1903 yılında gerçekleştirdiği bir operasyonla o dönemdeki dış borcun 75 milyondan 32 milyona düşürüldüğünü kaydedenProf. Dr. Vahdettin Engin, “Tahttan ayrılırken dış borcu 25 milyona kadar düşürmüştür. Bu da devletin bir yıllık gelirine denk gelir. Devralırken bir yıllık gelirin 15 katı bir dış borç devralmıştı. Devrederken bir yıllık geliri kadar borçlu bir ülke devretti. Bu da o’nun başarı hikâyesidir.” dedi.

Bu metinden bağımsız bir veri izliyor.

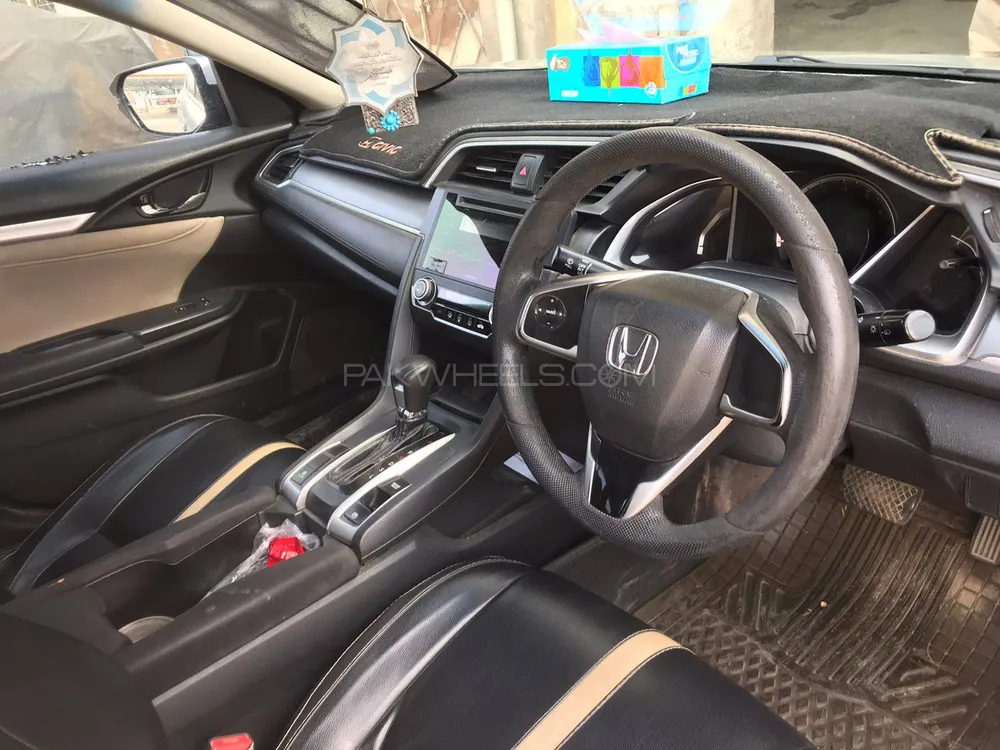 Honda Civic 2016 for Sale in Karachi Image-1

“Her fenalık cehaletten gelir.”


Abdulhamid’in eğitime verdiği öneme de değinen Prof. Dr. Vahdettin Engin, “Açtığı okulların önemini, oralarda yetişen nesillerin Cumhuriyeti kurduğunu birçok kişi biliyor. Abdulhamid, ‘Ben elimden geldiği kadar cehaleti yok etmeye çalıştım. Çocuklarımızı tahsile sevk etmeye çok uğraştım.’ der. Onun dışında,  ‘Erkekler için ilmi zenginlikler kazanmak şan ve şeref olduğu gibi, kadınların da bilim ve marifet öğrenmesi şarttır. Çünkü her fenalık cehaletten gelir’ der. Eğitim reformunu hayat geçirmesi önemli, ama bu reformlarda kadınların da eğitim alması Abdulhamid tarafından oldukça önemseniyordu. ‘Ben terakki taraftarıyım. Avrupa’da ne icat olmuşsa memleketimizde de yapılmalıdır’ der. 33 yıllık iktidarının geneline baktığımızda bu çabayı görüyoruz.” şeklinde konuştu.